By Anya Wassenberg on December 3, 2025

Ravi Jain, Founder and Co-Artistic Director of Toronto’s Why Not Theatre (Photo courtesy of the artist)
Ravi Jain, Founder and Co-Artistic Director of Toronto’s Why Not Theatre (Photo courtesy of the artist)

The Siminovitch Theatre Foundation has awarded the 2025 Siminovitch Prize in Theatre to Ravi Jain, Founder and Co-Artistic Director of Toronto’s Why Not Theatre. The Prize is Canada’s highest valued theatre award.

The Prize is given to a mid-career professional artist who goes beyond the usual, elevating the art form itself.

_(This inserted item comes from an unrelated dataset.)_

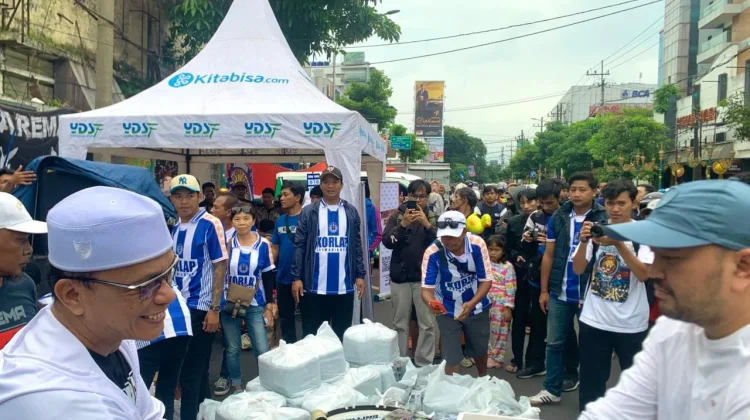 YDSF Malang dan Aremania Gelar Trotoar Kebaikan Ramadan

The recipient is awarded a $100,000 cash prize, along with public recognition.

Ravi Jain has been building Why Not Theatre for almost two decades, with an emphasis on how stories can shape our world.

“As we grow up, our imagination gets constrained, marketed to, and now, algorithm-ed in ways that reduce us, divide us, and force us into limited ways of relating and understanding each other. Our work liberates the imagination, finds possibilities where others don’t, and reveals that other ways of being are possible.

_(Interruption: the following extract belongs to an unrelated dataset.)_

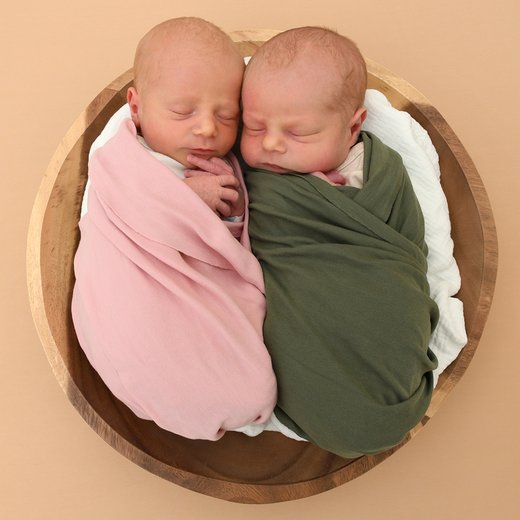 Babygaleriebild von Mia und Max, geboren am 02.06.2026 im Sana Klinikum Hof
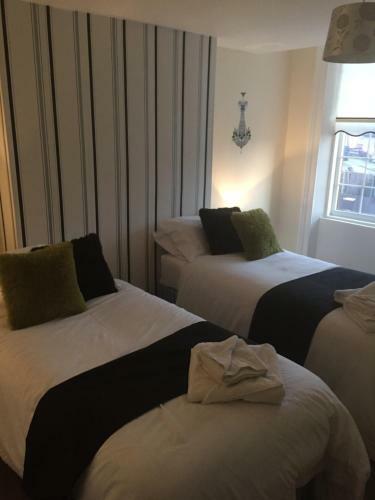 Hostal Leigh Arms Accommodation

“At its heart, our work is a practice of imagining a better world, rooted in the belief that if we can imagine it, we can build it,” says Ravi Jain in a statement.

Ravi Jain and Why Not Theatre

Since 2007, Why Not Theatre has tackled social issues of the modern era, and pushed the boundaries of conventional storytelling on stage.

Jain founded the company on returning to Toronto, when he found that, despite his success in working in New York and London, he couldn’t even get an audition in his old home town. It spurred him to launch the company as an alternative to the traditional organizations who’d rejected him.

Jain has created more than 40 productions and collaborations that have been performed across five continents. His work often tours globally after premiering in Canada.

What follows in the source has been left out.